Friday, September 26, 2008

Requiem in Tbilisi

TBILISI, Georgia -- The Tbilisi Opera and Ballet Theater held a charity event last night to raise money for children orphaned or displaced by the war. The event was organized in part by Paata Burchuladze, whose bass voice has filled the major opera houses from Teatro alla Scala in Milan to the New York's Met.

Burchuladze was joined by several fellow opera stars to perform Verdi's Requiem along with the Tbilisi Symphony and Choir before several thousand people.

Few things made by man evoke the range of emotions as does Requiem. And war.

From tumult to enduring sorrow to joy to angelic, the music echoed what Georgians had experienced during the previous month.

During the piece's last movement, Libera Me, the audience raised thousands of lit candles. After the music finished, children who had left their homes in South Ossetia and adjacent areas occupied by the Russians were brought on stage.

Tbilisi has a rich operatic tradition, started, ironically, in 1845 by a Russian general. The city has many great classical musicians, although most are better known in Eastern Europe.

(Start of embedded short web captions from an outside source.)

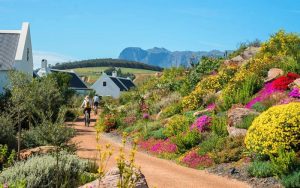 Franschhoek Winelands, South Africa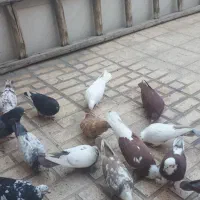 انواع کبو تر زینتی وپرشی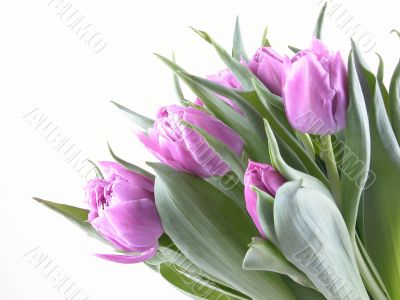 spring time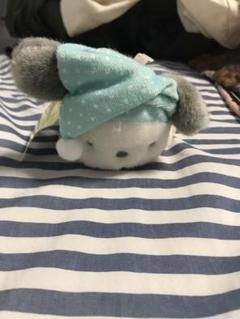 ぬいぐるみ キーホルダー ポチャッコ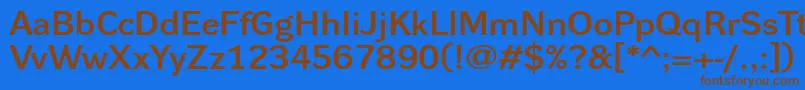 DynagrotesklxeBold Font – Brown Fonts on Blue Background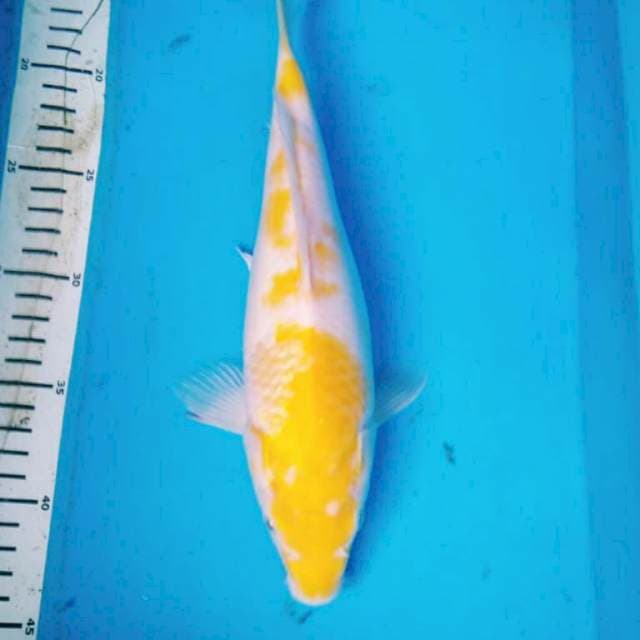 KOYO 5 MATA MERAH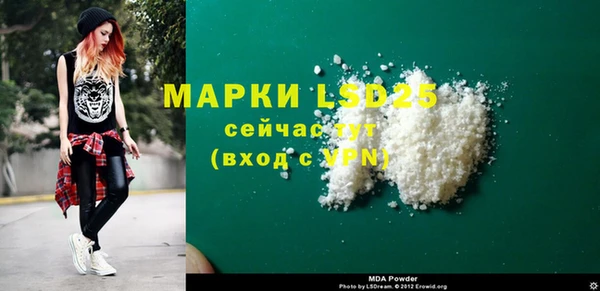 гидра Вяземский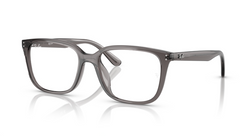 Rame de ochelari Ray-Ban RB7248D 8257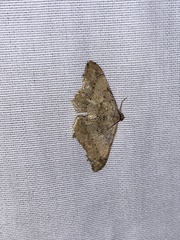 Psamatodes abydata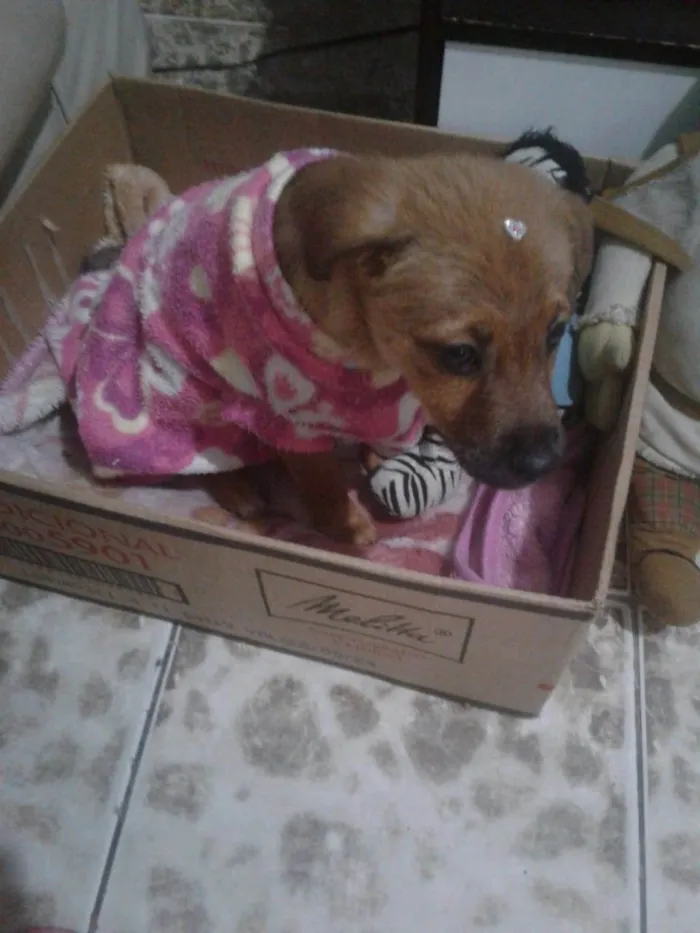 Cachorro ra a SRD- Duas raças  idade 2 a 6 meses nome Luna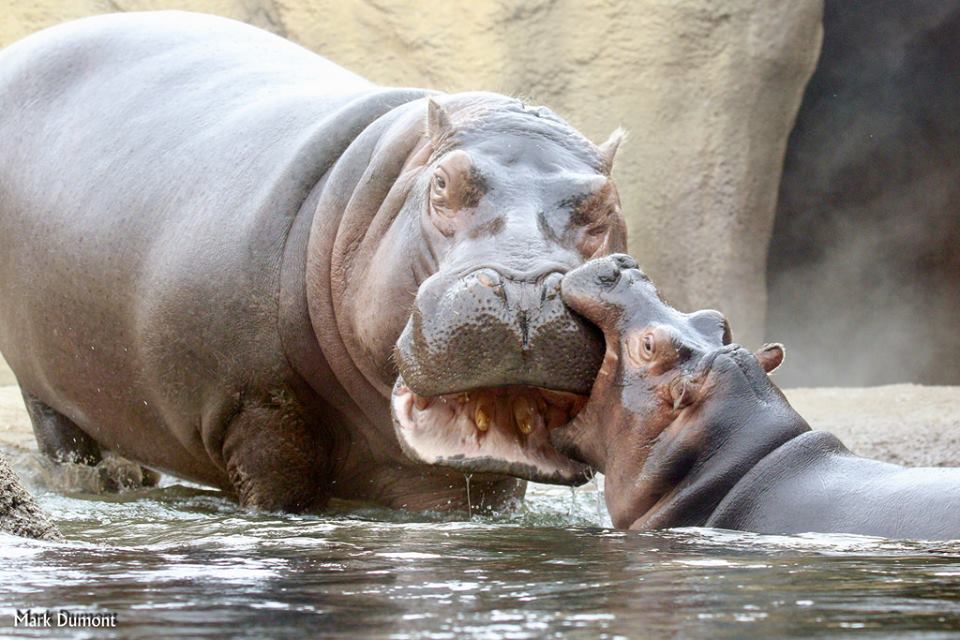 CincinnatiZoo's tweet photo. Don't bite off more than you can chew Fiona! #teamfiona https://t.co/CzO7k8ghJP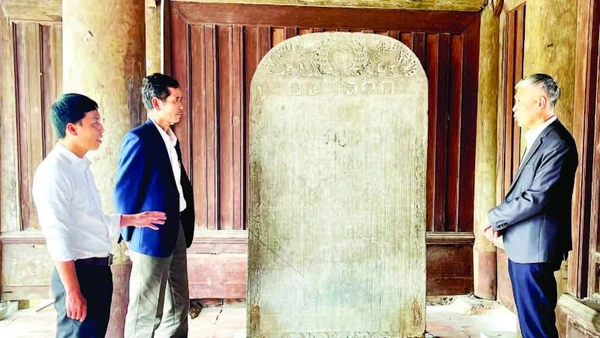 Cụm bia đá thời Lê Trung Hưng (thế kỷ 17-18) được bảo quản ở Tam quan chùa Keo Hành Thiện, xã Xuân Hồng, tỉnh Ninh Bình.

Paata Burchuladze with a child from Gori

The opera and ballet's general director, David Sakvarelidze, wants to make Tbilisi a jewel of the international arts community and in doing so -- he believes -- help save Georgia from being swallowed up by Russia. He wants the state to launch a blitzkrieg of cultural diplomacy.

"We can't defend ourselves against the Russians. What can I do?" he asked rhetorically in a cafe behind the opera house. "I can direct performances."

The West has little reason to care about Georgia, Sakvarelidze said.

The overwhelming majority of Westerners know nothing about Georgia, although some do know it exists thanks to the war. Most politicians know little more than that two pipelines run through the country.

Tbilisi's arts community can put Georgia on the map and in the hearts of many Westerners, he explained.

Cultural warfare is not new. During the Cold War, the US spread jazz far and wide. While the Soviet Union could turn out fearsome weapons systems, such as the T-72 tank and multi-megaton ICBMs, the workers paradise never had anything on jazz.

"Art is our weapon," said Sakvarelidze.